Second Solution: IMO Solving Equation Problem: Solve the equation $x+a^3=\sqrt[3]{a-x}$ where a is real.

Solve the equation $x+a^3=\sqrt[3]{a-x}$ where a is real parameter.

My solution:

By observation, note that $x=a-a^3$ is a real solution for the equation $x+a^3=\sqrt[3]{a-x}$.

Now, if we rewrite the given equation by raising it the to the third power and rearrange the terms in descending powers of $x$ and factor it since $x=a-a^3$ is a real solution, we have

$x^3+3a^3x^2+(3a^6+1)x+a(a^8-1)=(x-a+a^3)(x^2+kx+m)$ where $k,\,m$ are constants.
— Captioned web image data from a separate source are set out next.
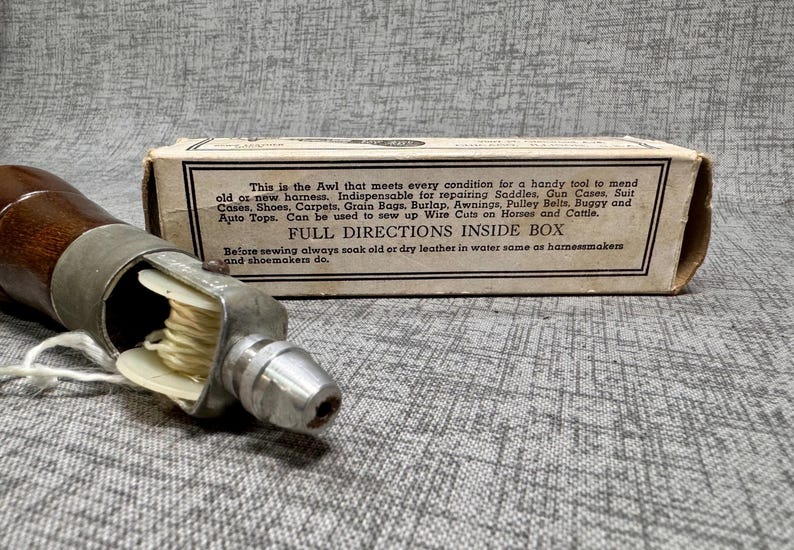 Puede incluir: Un punz&oacute;n de coser de cuero vintage con mango de madera y aguja de metal. El punz&oacute;n est&aacute; en una caja de cart&oacute;n con el texto "This is the Awl that meets every condition for a handy tool to mend old or new harness. Indispensable for repairing Saddles, Gun Cases, Suit Cases, Shoes, Carpets, Grain Bags, Burlap, Awnings, Pulley Belts, Buggy and Auto Tops. Can be used to sew up Wire Cuts on Horses and Cattle. FULL DIRECTIONS INSIDE BOX Before sewing always soak old or dry leather in water same as harnessmakers and shoemakers do."
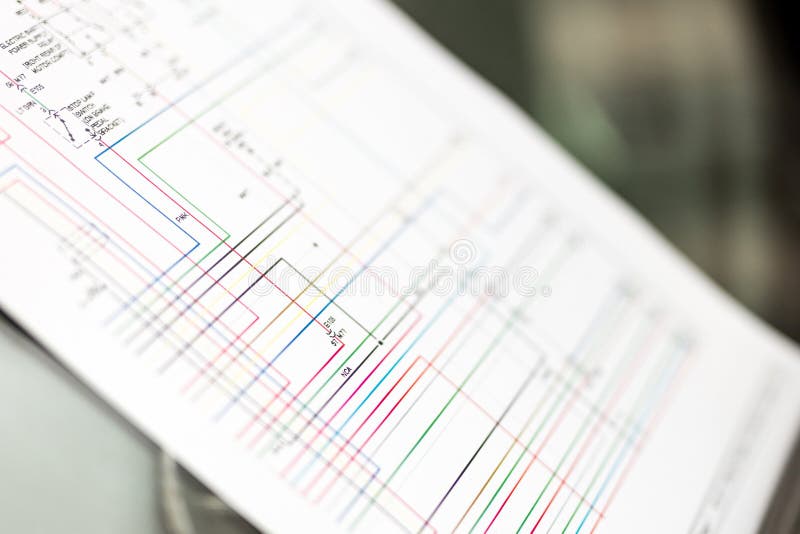 Colorful cars electric wiring scheme on paper sheet royalty free stock photo Colorful cars electric wiring scheme on paper sheet royalty free stock photo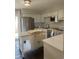 Bright kitchen featuring stainless appliances, an island, and light-colored cabinets at 10200 Lake Shore Dr. # 4, Myrtle Beach, SC 29572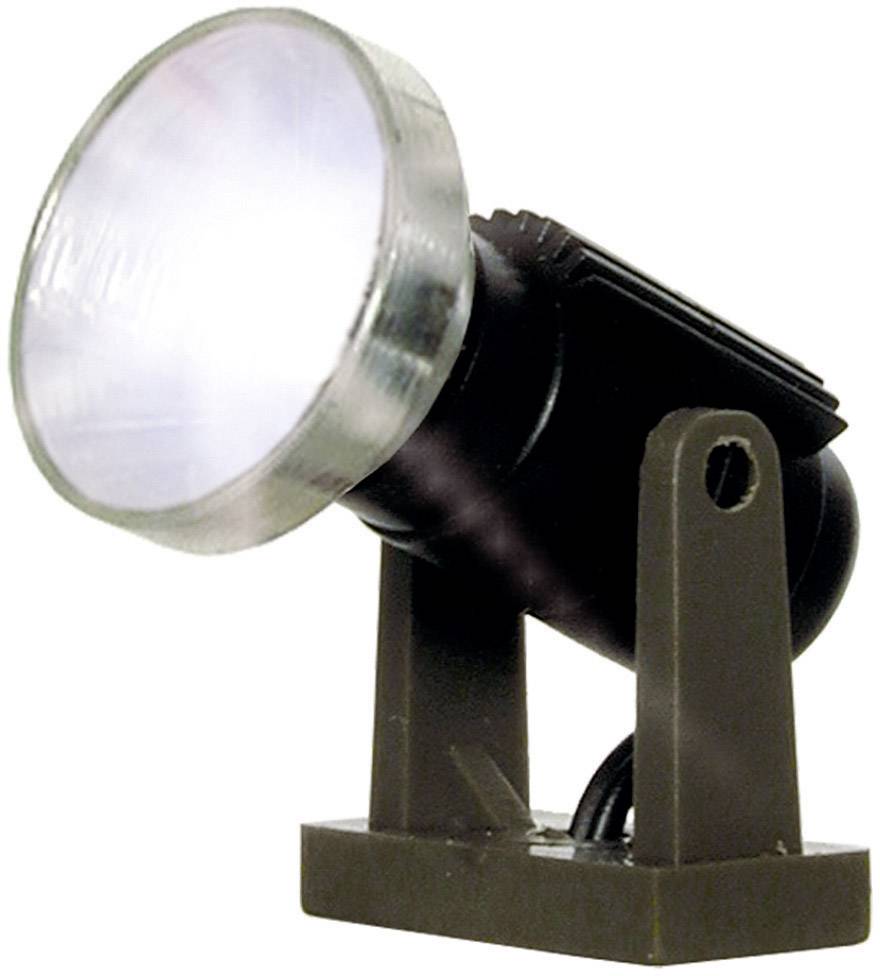 A black halogen spotlight with a silver rim mounted on a brown stand, slightly tilted upwards.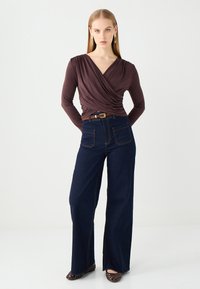 Bruine wikkelblouse met lange mouwen, gecombineerd met hoge, donkere blauwe wijde jeans met voorzakken en contrasterende stiksels.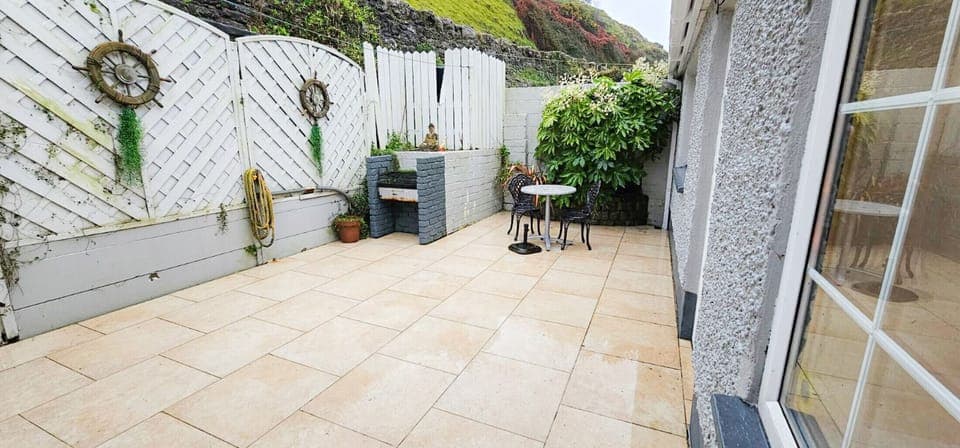 Passage East, Co Waterford. Family holiday home, close to ferry. Enclosed private back yard, clean bright paving slabs. Dining area. Foliage and garden ornaments.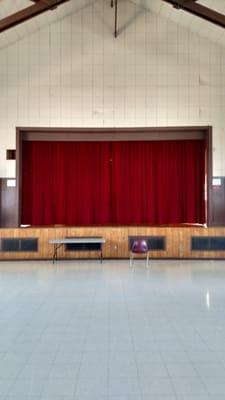 The stage curtains (closed) in the auditorium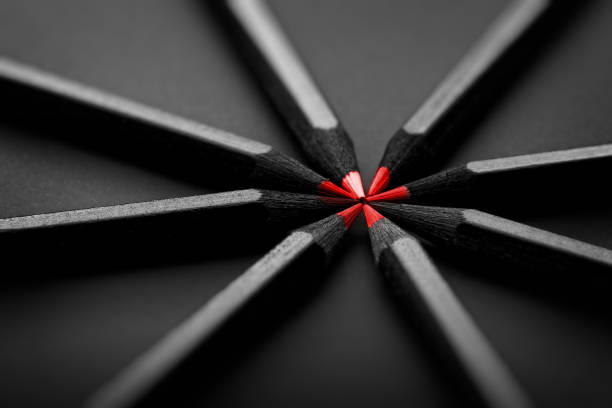 Red and black colored pencils. stylish business concept, on black background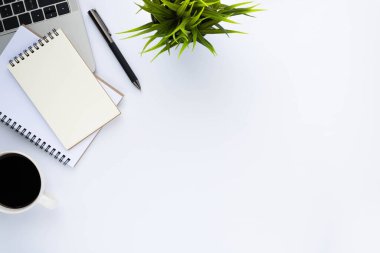 Beyaz ofis masasının üstünde klavye, defter ve kahve fincanı ve diğer ofis malzemeleri. İş ve finans kavramı. Çalışma yeri, boş kopya alanı olan düz uzanma.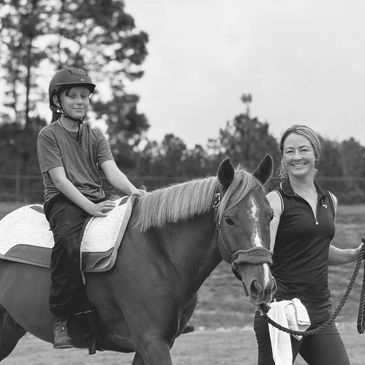 A child on horseback with an adult holding the reins, smiling.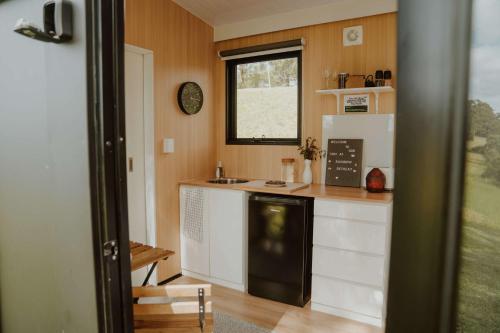 a kitchen with a stove and a counter top at Three-Kalm & Four-Sol by Tiny Away in Tallwoods Village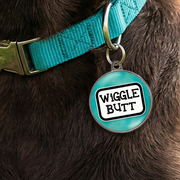 Close-up wiggle butt dog tag personalised aqua dog ID tag with bold funny lettering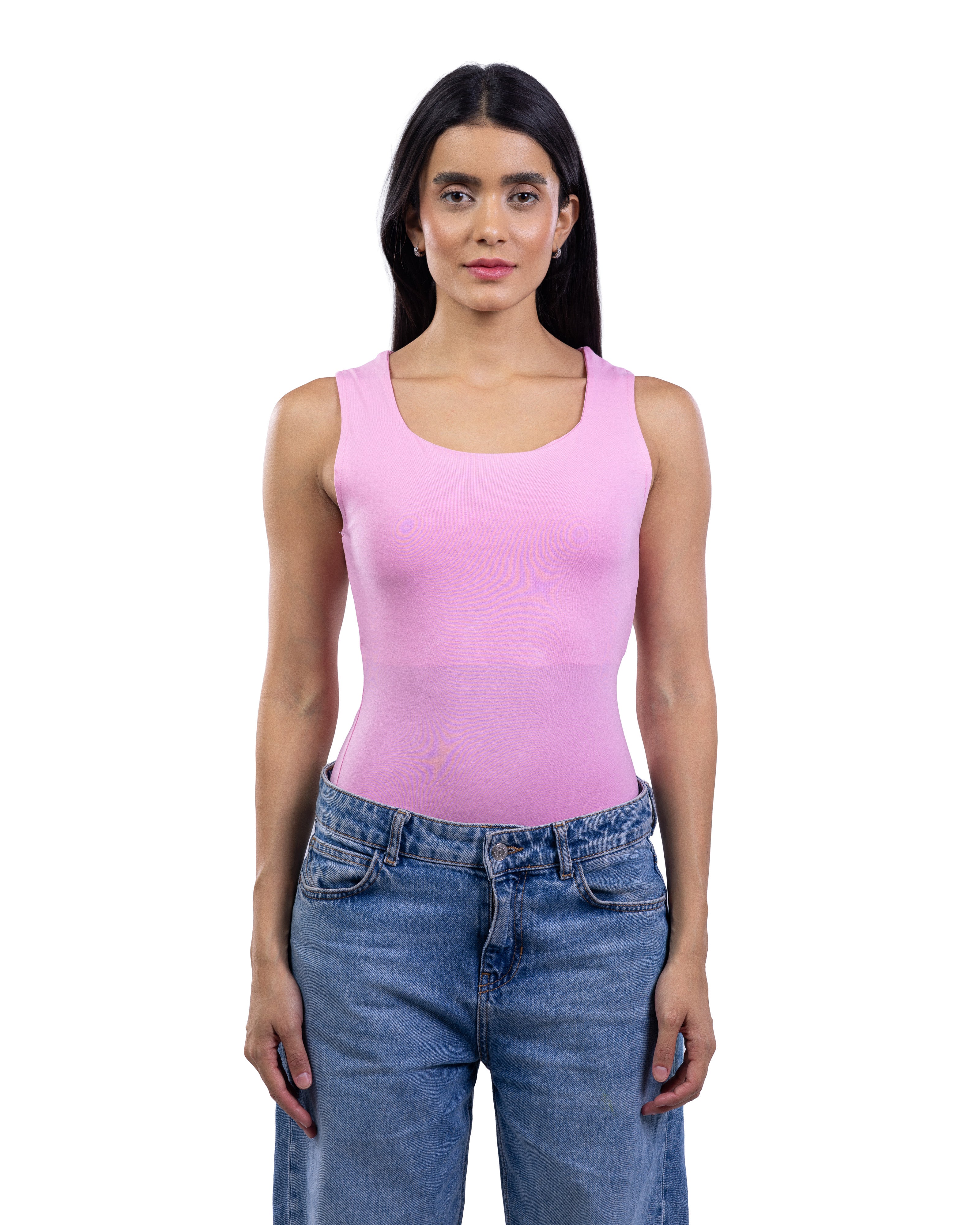 A woman modeling a light pink sleeveless scoop-neck tank top paired with blue jeans, shot against a solid white background.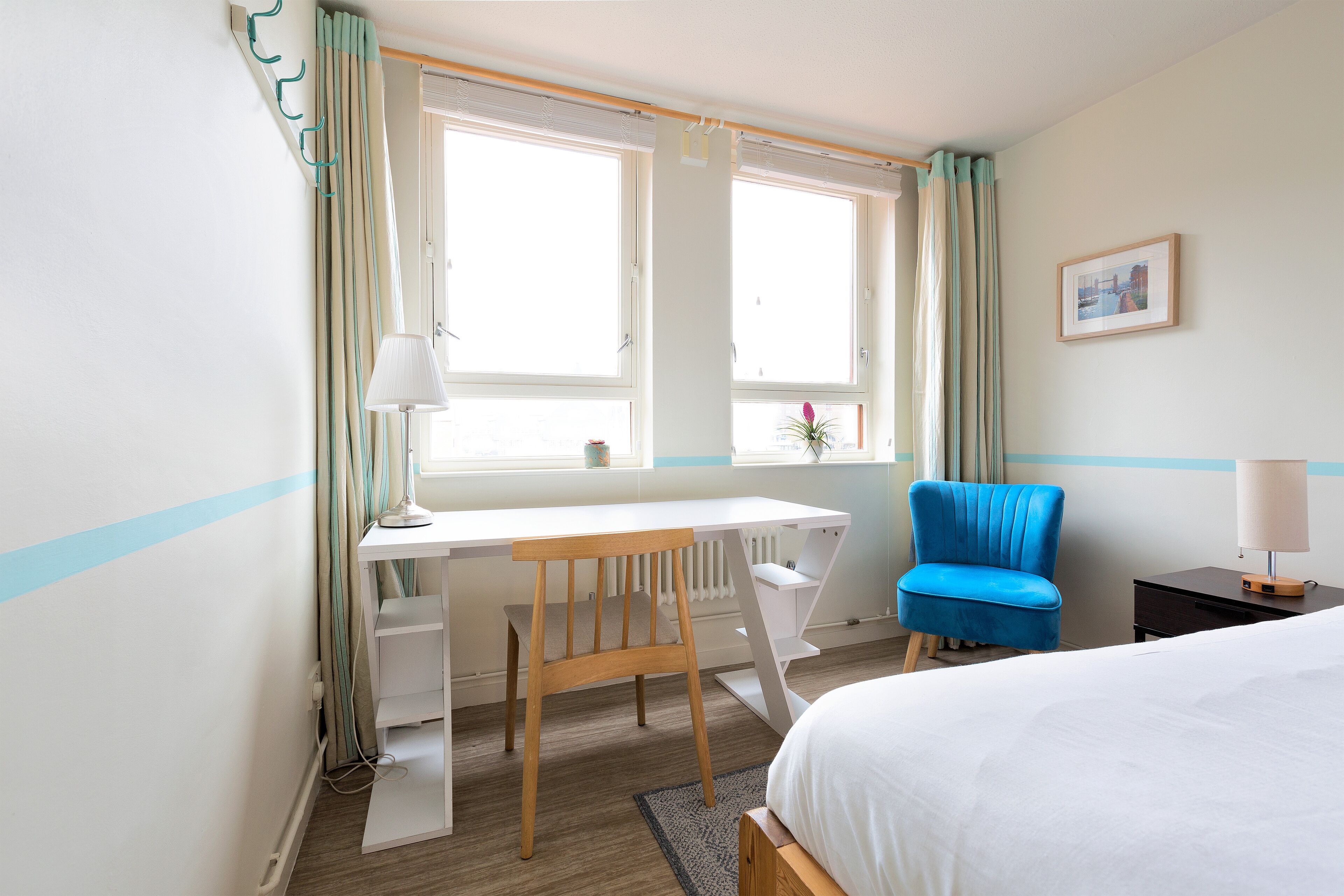 A bedroom with a bed, a desk, a chair, and a window with curtains.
Equating the constant terms from both sides gives $m=\dfrac{a(a^8-1)}{a(a^2-1)}=a^4+a^4+a^2+1$

Equating the coefficients of powers of $x^2$ gives $k=2a^3+a$.

Hence,
$\small x^3+3a^3x^2+(3a^6+1)x+a(a^8-1)=(x-a+a^3)(x^2+(2a^3+a)x+a^4+a^4+a^2+1)$

And the quadratic formula tells us the other two complex roots for the original equation are

$x=\dfrac{-(2a^3+a)\pm\sqrt{-3a^2-4}}{2}$.